EMPAT BELAS

72 67 12
                                    

Kita tidak pernah tahu cinta akan datang darimana dan dalam bentuk seperti apa. Dia seperti puzzle. Terkadang bagian terdekatlah yang menjadi pelengkapnya.
Kaira Niswah Basmara
..
.
.

"Mau dibantuin, nggak?" Tanyaku lagi tanpa berpikir. Sungguh, aku sama sekali tak berniat untuk mengatakan itu. Pertanyaan itu spontan keluar dari mulutku hingga membuatku merutuki diri. Semoga saja Arfan tak menanggapinya. Bisa bahaya jika itu sampai terjadi.

Alhamdulillah. sepersekian detik kemudian cowok itu menggeleng lalu mengangkat wajahnya hingga tatapan kami bertemu.

Ah, aku kembali merutuki diri. Kali ini dengan konsep yang berbeda. Kenapa dengan dadaku. Kenapa dengan dentuman samar yang terasa sangat cepat di dadaku. Aku gugup. Tatapanku terpaku. Aku kenapa? Apa karena aku lapar hingga efek tatapan Arfan bisa separah ini? Atau apa yang sedang bermasalah denganku hingga efeknya membuat kedua tanganku kini mendingin.

"Ra!" Aku mengerjapkan mataku untuk kembali ke dunia nyata. Di depan Arfan sudah menatapku dengan dahi yang berkerut.

"Kenapa, sih, Ra?" Tanya Arfan.

Aku mengalihkan pandanganku. Tak lagi menatapnya. "A–ah kenapa, Fan? Ada apa?" Tanyaku. Sungguh, otakku betulan koslet sekarang. Aku juga bingung. Seperti abu-abu.

"Aku nanya loh dari tadi. Kamu kenapa, si lagi sakit?" Aku menggeleng untuk dua jawaban. Aku sedang tidak sakit dan sedang tidak tahu ingin menjawab apa.
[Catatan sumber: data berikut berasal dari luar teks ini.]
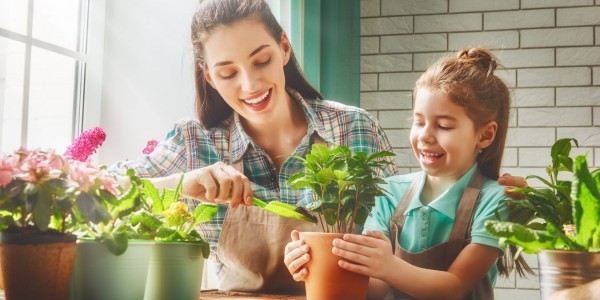 Cultiva en casa y ahorra dinero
Arfan masih menatapku bingung lengkap dengan gelengan kepalanya. "Emang kalau aku suruh kerjain kamu mau?" Kali ini dia tersenyum seperti—mengejek. Wah, langsung saja aku tertarik kembali ke duniaku. Otakku menemukan kembali kewarasannya setelah mendapati senyum ter'rese' itu.

"Ya nggak, lah. Cuma nanya aja tadi. Biar sopan." Kilahku. Ya Rabb, maafkanlah hamba-Mu ini harus terpaksa berbohong  sedikit. Tidak sepenuhnya, sih. Aku memang bertanya seperti itu untuk memulai duluan obrolanku denganya. Itu untuk kesopanan, kan?

"Sejak kapan Kaira memperhatikan attitude-nya di depan Arfan?" Pertanyaannya membuatku seketika menyesal sudah memberanikan diri mengobrol dengannya tadi. Dia selalu saja menyebalkan.

"Tau, ah. Nyesel aku nanya. Mau pulang, nih." Aku segera melangkah pergi sebelum dia bersuara lagi.

"Kangen tau, Ra."

Apa? Apa katanya? Telingaku sedang tidak bermasalah, kan? Jika benar, saraf otaknya baik-baik saja, kan? Aku berbalik dengan alis berkerut dan mendapati Arfan masih duduk dengan posisi dan mimik wajah yang sama seperti tadi. Seolah-olah dia tidak habis melakukan sesuatu yang janggal tadi.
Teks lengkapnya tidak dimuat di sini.